Court of Appeals Rules Attorney Malpractice Claim Assignable in Insurance Case
There is a general rule in California barring assignment of legal malpractice claims. The issue was recently revisited by the California Court of Appeals for the Third District, which carved out a narrow exception to the rule in limited cases.
The case under consideration was White Mountains Reinsurance Company of America v. Borton Petrini, LLP. There, Modern Service Insurance Company issued an automobile insurance policy to Flora Cuison, who caused an automobile accident that seriously injured Karen Johnson. Johnson thereafter filed a complaint against Cuison, who was served with the complaint and a 30-day offer to compromise for the policy limits. Modern Service thereafter requested the defendant, Borton Petrini, LLP accept defense of the action. Borton agreed, however, it allowed the offer to compromise to lapse without any response. Shortly thereafter, Mutual Service Casualty Insurance Company entered into a stock repurchase agreement for the purchase of FolksAmerica Reinsurance Company’s stock. Before completed, Modern Service entered into an assumption reinsurance and administration agreement with Mutual Service, in which Mutual Service agreed to take on all Modern Service’s obligations, liabilities, and rights. The agreement included the Cuison policy. The stock purchase agreement was then completed and Mutual Service became Stockbridge Insurance Company.

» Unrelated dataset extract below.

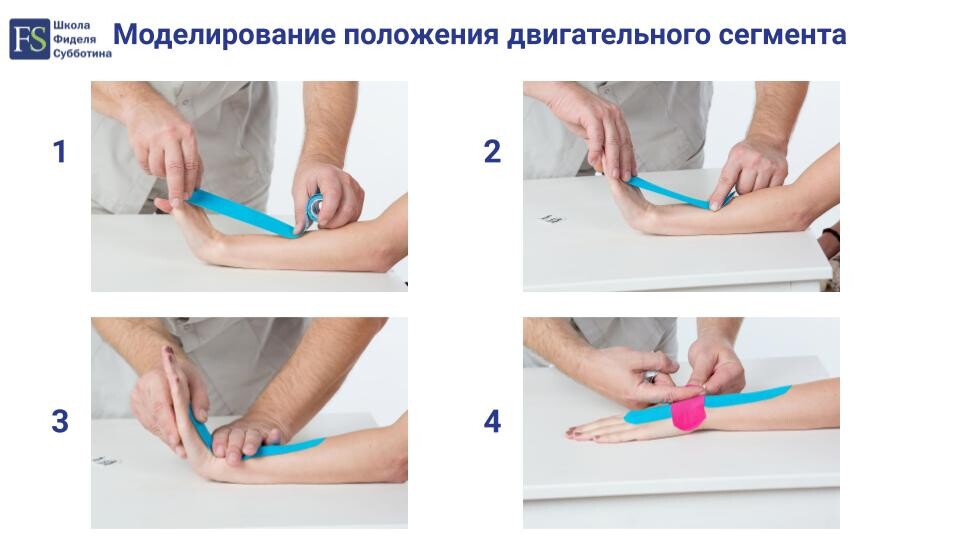 Моделирование положения двигательного сегмента при наложении тейпа Моделирование положения двигательного сегмента при наложении тейпа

During this time period, Mutual Service paid Borton for defense, and later Stockbridge. A year later, Stockbridge transferred its liabilities to FolksAmerica, who then paid Borton’s invoices. The following year, FolksAmerica changed its name to White Mountains.
After several years of litigation, Cuison’s case was settled under different counsel, and White Mountains paid out $1.86 million. White Mountains then commenced action against Borton, as successor-in-interest to Modern Service, for Borton’s failure to respond to the offer in compromise and exposing the insurer to liability in excess of the policy limits.
Borton moved for summary judgment on the basis that legal malpractice actions cannot be assigned. The trial court agreed and entered judgment for Borton. White Mountains appealed.
The Court of Appeals conducted a lengthy review of California precedent and the controlling case, Goodley v. Wank & Wank, Inc. In Goodley, the court found legal malpractice actions were not assignable due to the “uniquely personal nature of legal services” and the fact that such assignment would “relegate the legal malpractice action to the market place and convert it to a commodity to be exploited”. The Court then continued an in-depth review of out-of-state case law and found it to be persuasive authority for finding an exception to the general rule. The Court of Appeals ruled that there does exist a narrow exception to California’s general rule that a legal malpractice action cannot be assigned where: 1) the assignment of the legal malpractice claim is incidental to a larger commercial transfer; 2) the larger transfer does not treat the claim as a distinct commodity; 3) the transfer is not to a former adversary; 4) the claim arose under circumstances where the original client insurance company retained the attorney to represent and defend the insured; and 5) the communications between the attorney and original insurance company were conducted via a third party claims administrator. The Court held that when all of these conditions exist, the public policy concerns that weigh against such an assignment do not arise.
In applying the five factors to the White Mountains case, the Court of Appeals ruled the trial court erred in finding the legal malpractice claim could not be transferred. Due to the nature of the transactions and the fact that the legal malpractice claim’s assignment was merely incidental to larger commercial transactions, the Court found this case to fit the narrow exception when such an assignment of a legal malpractice claim is acceptable.